According to Forrester Research, between 2009 and 2014 the number of U.S. households banking online is expected to increase from 54 million to 66 million. While online banking grows apace, the depth and scale of threats to Internet banking security becomes more complex. Be it a result of phishing, kiting, man-in-the-browser or Dumpster diving for personal data from an individual's social networking site — the fraudster's tool kit grows by the day.
In the past, banks invested in multifactor authentication to try to ensure that only legitimate users accessed online banking systems; they also invested in systems that provide IP address intelligence for online banking transactions. However, although IP address intelligence detects account takeover where fraudsters have used phishing techniques and malware to obtain login credentials of legitimate users, it falls short at detecting man-in-the-browser attacks — which take place without affecting the legitimate device and IP address data sent with the transaction.
So what can banks do to protect themselves from man-in-the-browser attacks? Customer authentication measures aren't sufficient, so instead banks can mitigate their risk by gaining a better understanding of the activity within an online banking session to determine if it fits the established profile of the genuine customer.
Increasingly, banks that take a layered approach to monitoring a customer's account and transaction activity are in the strongest position to minimize online fraud.
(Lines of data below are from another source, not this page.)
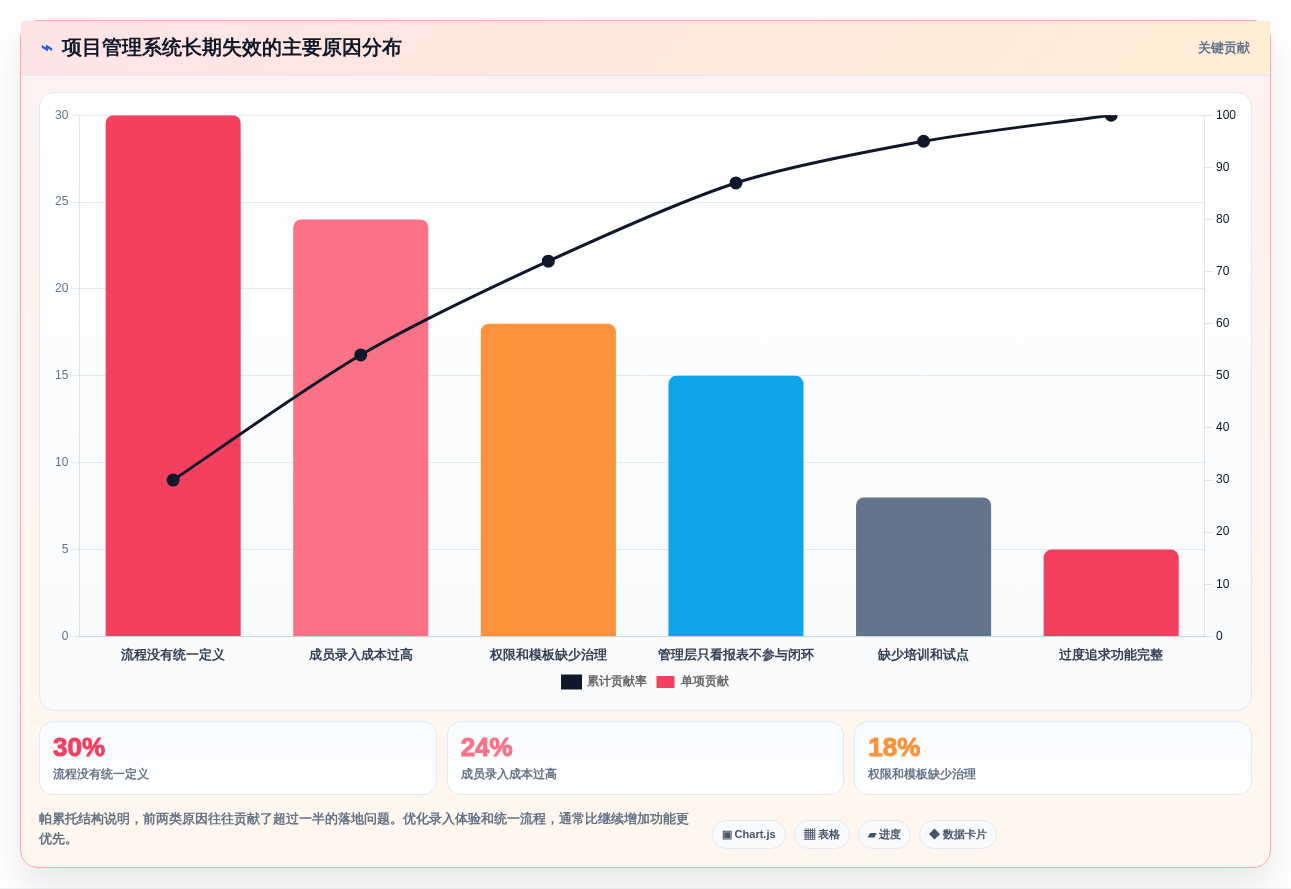项目经理必读:2026年明道云项目管理工具选型指南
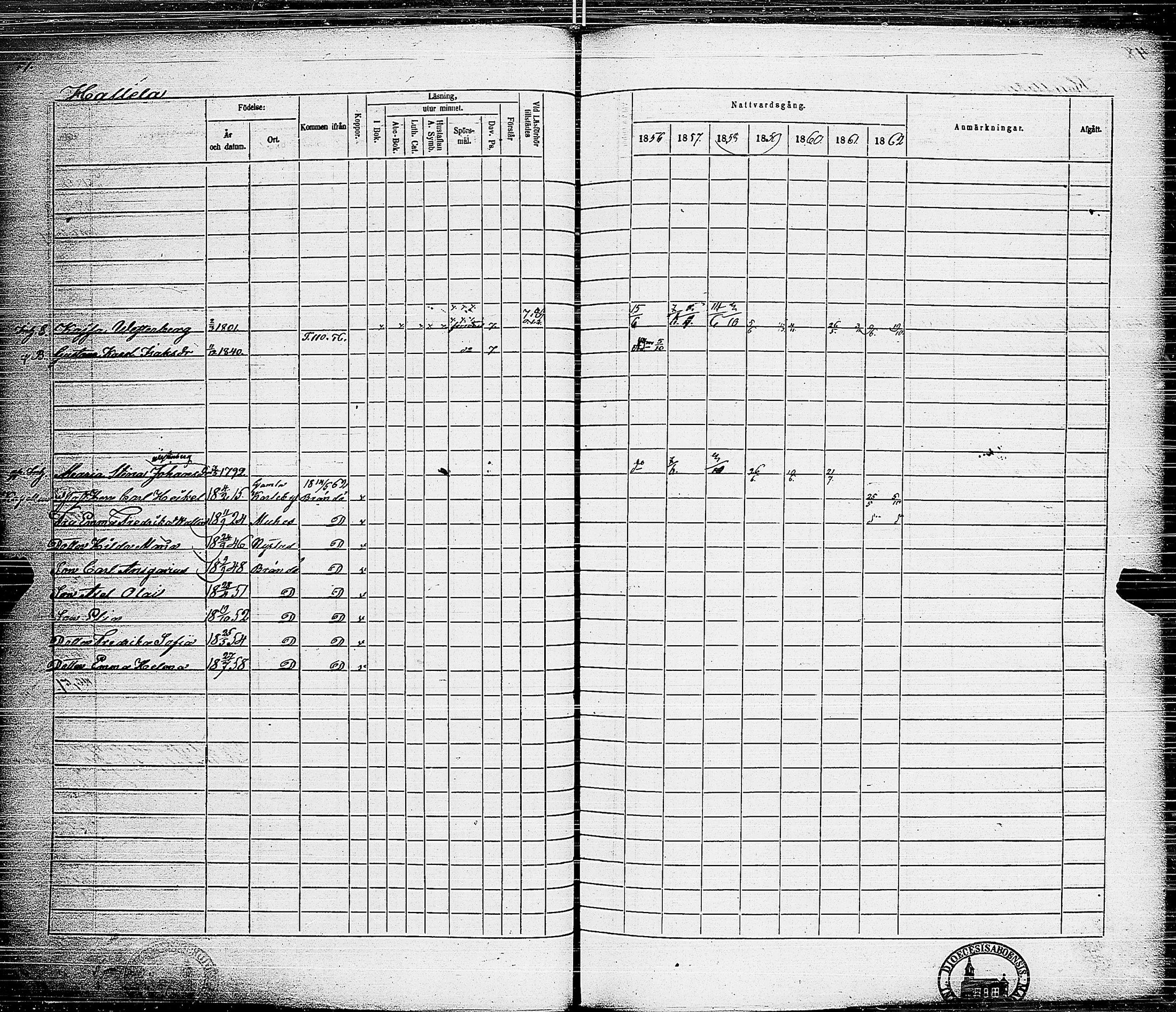 [ ../kirjat/Kirkonkirjat/sauvo/rippikirja_1856-1862_jk576/kuvat/52.jpg ]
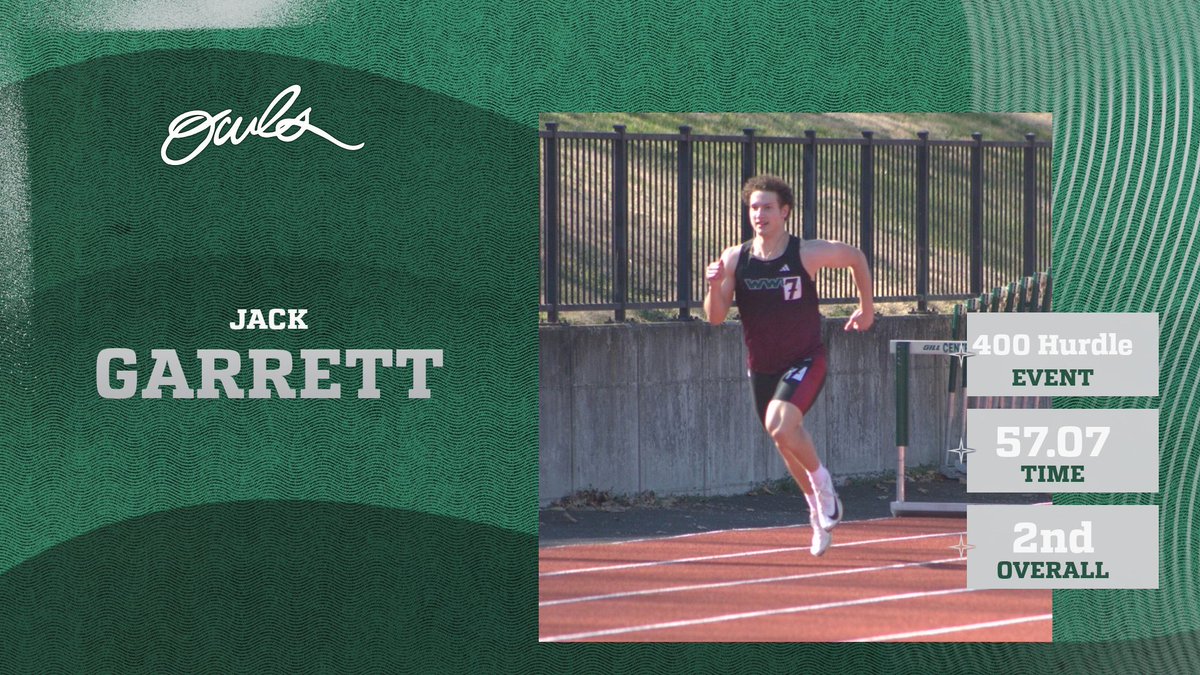 wwuowlsXCTF's tweet photo. Jack Garrett takes 2nd place overall in 400 Hurdles for William Woods Track and Field all time rankings!! Amazing run, keep up the hard work! https://t.co/opK20trbVU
For example, all customer interactions can be categorized into event classes that incorporate monetary and nonmonetary actions such as: payment events — financial transactions such as funds transfers and bill payments; login events — IP address and session ID profiling; password events — changes in logon passwords; profile events — changes to customer demographic information; and navigation events — changes to how a customer navigates an online portal. A break in pattern of one of these may not indicate fraudulent activity. However when monitored together, the identification of small anomalies becomes a strong predictor of criminal intent.
Not only are customers bombarded with security threats from the moment they log on to their PC, cell phone or smart phone, but once "in," fraudsters are increasingly cunning in navigating a customer's banking and financial profile; and attacking that customer across multiple transaction channels, from checking to credit and debit card or savings accounts. So, even if a fraudster enters an account through a low-balance debit card, he can move from there into a customer's savings or loan account and quickly begin removing funds — thus vastly raising the risk and size of the potential loss. Because many financial institutions' banking security systems are often deployed in silos, fraudsters seek to gain access through one silo and jump to another to take advantage of a multitude of channels and transactions. Banks and financial institutions need to explore enterprise fraud management systems that take a full view of an institution's relationship with a customer. An enterprisewide approach protects institutions at multiple levels, from identity theft to deposit fraud. This expanded view allows institutions to better detect and prevent fraud by monitoring transactions and events across the range of customer activity.
Genuine customers tend to make transfers and bill payments to the same accounts and of fairly consistent amounts. Alternatively, fraudsters will transfer money to an account or biller that the genuine customer has never used, often for a much greater value than normal. Account profiling is a technique that enables institutions to cross-reference all external accounts with which a customer has transacted in the past 12 months against each new transfer. When high-risk activity is detected, action can be taken in real time or near real time to stop the transfer of funds from the customer's account, or to contact the customer to confirm that the transaction is genuine.
Combining real-time fraud detection tools with customer information across various channels gives banks a complete view of behavior to reduce fraud and detect fraud patterns faster in order to stay ahead of rapidly changing threats. Moreover, a layered approach to online banking fraud monitoring, one that analyzes login events, outgoing transactions and risky sequences of events, best positions an institution to minimize online banking fraud, thus mitigating risk, protecting the brand and increasing customer satisfaction and loyalty — precious commodities these days.